Tags: #Urban Fantasy

Maybe. Something like that, perhaps. I really don’t know. Only that – well, you couldn’t make him. Not from nothing. I don’t think you could even imagine him. He was beyond the reach of a human mind; hell, I was sitting on him, and I couldn’t come near what he was.

Never mind. Call it magic, if that’s easier. Or an expression of the collective subconscious, or an artefact of true England – the idea that underlies this grubby little nation state – or call him any damn thing you like.

Me, I call him Horse.

 

 

W
E RAN,
H
ORSE
and I. Well, he ran. I rode, in so far as I sat on his back and he carried me.

Maybe we didn’t even need to run. Maybe he could have fought them off, all those eels, and sent them back to whatever hell they came from. Maybe. He was something older, deeper, better than them – but the good guys don’t always get to win. Not just for being good. And I didn’t think he’d ever been a warhorse.

Neither did he, I guess. At any rate, he seemed happy enough to run. Literally, I think. I think it was what he was made for. Like the wind is happy to blow, the rain to fall. Movement completed him; speed is what he was about. You can write a word, and then you can say it. You can cut a horse into a hillside, and then you can let him run.

 

 

I
DIDN’T TURN
him north; I didn’t need to. The landscape tended that way, and so did he. We followed the ridge until it met a river valley, where it turned aside in confusion. Then we followed the river for a while, for a distance, but that all too clearly had its roots in the west, so we left that too. I don’t know if he read my mind or if he followed his instincts or his own inscrutable whim that just happened to chime in with my needs; how would you ever tell?

Now we were working our way more literally across country, against the grain – except that it was the human infrastructure, the grain of industry that lay across our path. The land would still have eased us northward undelayed, but here was a canal that had to be leaped, and here a motorway in a cut too broad for leaping. I think there was a chain-link fence that smoked and snapped at our approach, but we held back from the traffic until a gap opened wide enough that we could canter through unremarked. When you ride a glowing implication of a horse, remarks will be made, unless you’re careful. And here was a railway marshalling yard so broad we had to detour around it, and here an industrial estate where I think even Horse was feeling lost before the cloud cover relented and he could fling his head up to sight the stars and find our route again.
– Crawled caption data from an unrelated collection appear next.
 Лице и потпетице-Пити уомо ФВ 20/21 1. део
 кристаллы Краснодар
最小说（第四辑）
North, and north: he’d have galloped to the Pole Star, if he could only find good footing as he followed the Plough through starfields. Perhaps he could, perhaps I should have given him his head. Or let him take it, rather; or just let him be, just sat him and been carried into wonder.
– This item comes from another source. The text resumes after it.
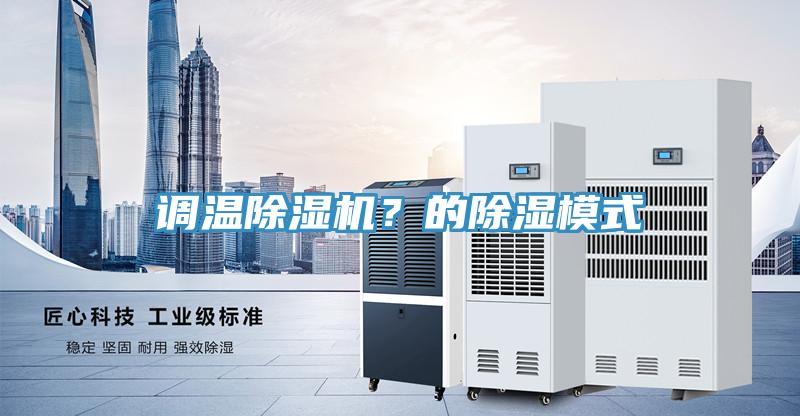 调温91免费网站在线观看？的除湿模式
But – well, I had a mission of my own, and time and ground were sketchy, stretchy concepts in the mind of Horse. That’s pretty much where we were, I figured, in some ancient idea of England and territory, a space-time discontinuum where physics was contingent on something that you couldn’t call history. It predated the coming of people: older than language, older than understanding. I almost felt like I’d committed some form of archaeology, just rousing Horse from his bed. Archaeology without spades.

Archaeology, lèse-majesté, whatever it was, I wasn’t done committing it. We were coming too far, too fast. It was hard to tell exactly how we stood in relation to the world I knew –
at an angle
was the best that I could think of, as if there were one more axis where Horse stood, at right-angles to everything else – but I could still make out landmarks, though they seemed elastic and uncertain. The longer they’d been there, the more clearly they stood out. Birmingham had been only a smear of distorted light, pale and sickly and unclean, but Doncaster Cathedral was a stark clear silhouette. I’d have preferred road-signs, frankly, but you make do with what you have. When you have to.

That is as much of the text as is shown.